▶ [DATA PROVIDED]
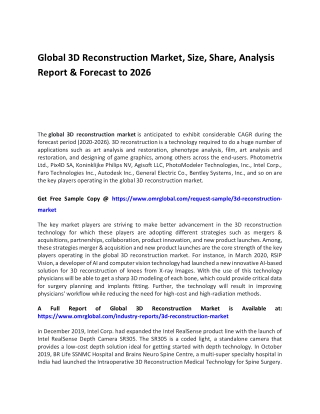 Global 3D Reconstruction Market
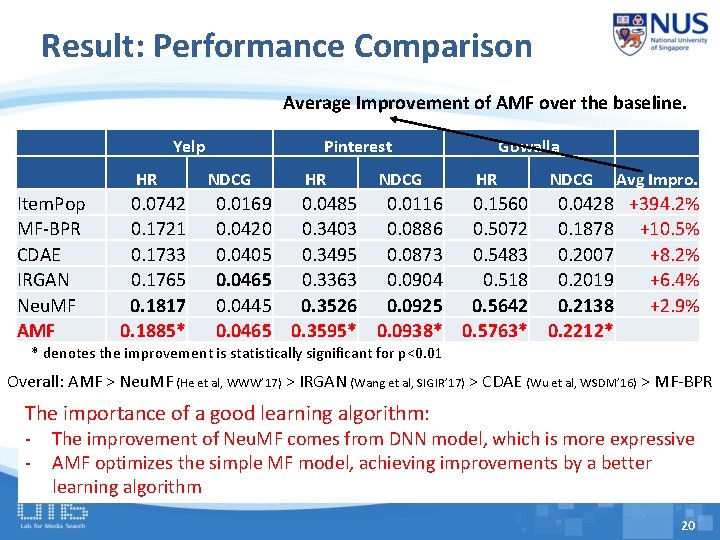 Result: Performance Comparison Average Improvement of AMF over the baseline. Yelp HR Item. Pop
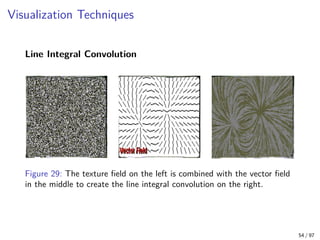 Scientific Visualization Techniques . | PDF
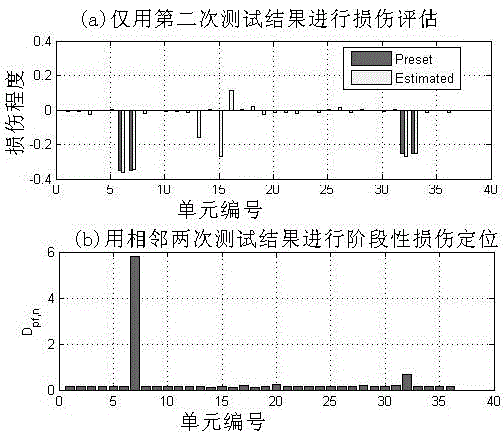 Staged structural damage assessment method for aging offshore platforms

▶ [WHAT THE TASK ASKS] I would like you to set down the lines above, from the one containing "Result: Performance Comparison" to the final line, exactly as written and without pictures.

▶ [WRITTEN SOLUTION]
 Result: Performance Comparison Average Improvement of AMF over the baseline. Yelp HR Item. Pop
 Scientific Visualization Techniques . | PDF
 Staged structural damage assessment method for aging offshore platforms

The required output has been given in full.